Your answer should consist of the lines in the following data that contain "room".

Given records —
______

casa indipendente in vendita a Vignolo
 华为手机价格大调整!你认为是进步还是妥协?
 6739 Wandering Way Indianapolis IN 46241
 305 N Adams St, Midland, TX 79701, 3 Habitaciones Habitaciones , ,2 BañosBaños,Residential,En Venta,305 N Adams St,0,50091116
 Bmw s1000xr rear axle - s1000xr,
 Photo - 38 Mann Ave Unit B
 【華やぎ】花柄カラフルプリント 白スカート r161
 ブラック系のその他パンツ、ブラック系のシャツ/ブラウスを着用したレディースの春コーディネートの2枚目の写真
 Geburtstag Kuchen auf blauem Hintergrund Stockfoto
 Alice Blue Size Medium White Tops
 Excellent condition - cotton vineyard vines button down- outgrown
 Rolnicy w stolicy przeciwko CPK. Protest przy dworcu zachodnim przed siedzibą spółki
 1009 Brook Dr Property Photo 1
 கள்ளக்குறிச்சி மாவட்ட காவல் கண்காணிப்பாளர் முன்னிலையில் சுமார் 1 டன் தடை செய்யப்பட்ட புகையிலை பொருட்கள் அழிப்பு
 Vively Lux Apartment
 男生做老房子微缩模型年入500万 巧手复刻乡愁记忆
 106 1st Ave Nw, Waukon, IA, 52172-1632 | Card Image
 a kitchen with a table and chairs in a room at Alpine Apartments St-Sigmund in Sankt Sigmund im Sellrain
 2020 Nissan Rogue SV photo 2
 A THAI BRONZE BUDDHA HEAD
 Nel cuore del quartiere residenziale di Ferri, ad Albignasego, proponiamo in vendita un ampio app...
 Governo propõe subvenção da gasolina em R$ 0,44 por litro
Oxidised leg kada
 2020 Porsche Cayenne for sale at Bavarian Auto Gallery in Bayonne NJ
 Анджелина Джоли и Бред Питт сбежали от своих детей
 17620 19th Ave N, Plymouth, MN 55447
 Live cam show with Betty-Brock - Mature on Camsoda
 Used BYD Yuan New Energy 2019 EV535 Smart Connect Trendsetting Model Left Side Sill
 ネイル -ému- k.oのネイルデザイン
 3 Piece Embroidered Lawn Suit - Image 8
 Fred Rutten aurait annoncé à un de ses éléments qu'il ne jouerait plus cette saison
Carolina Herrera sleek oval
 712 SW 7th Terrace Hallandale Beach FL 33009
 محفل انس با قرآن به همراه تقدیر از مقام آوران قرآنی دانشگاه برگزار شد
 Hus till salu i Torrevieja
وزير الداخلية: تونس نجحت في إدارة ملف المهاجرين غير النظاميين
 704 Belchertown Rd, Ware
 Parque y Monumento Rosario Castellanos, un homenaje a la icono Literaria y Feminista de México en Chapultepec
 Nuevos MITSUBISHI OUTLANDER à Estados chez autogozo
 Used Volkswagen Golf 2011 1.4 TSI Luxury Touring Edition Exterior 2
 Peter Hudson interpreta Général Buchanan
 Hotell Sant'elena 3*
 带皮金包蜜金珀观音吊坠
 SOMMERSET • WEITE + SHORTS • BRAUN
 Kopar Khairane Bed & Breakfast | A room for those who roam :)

______

Written answer —
 a kitchen with a table and chairs in a room at Alpine Apartments St-Sigmund in Sankt Sigmund im Sellrain
 Kopar Khairane Bed & Breakfast | A room for those who roam :)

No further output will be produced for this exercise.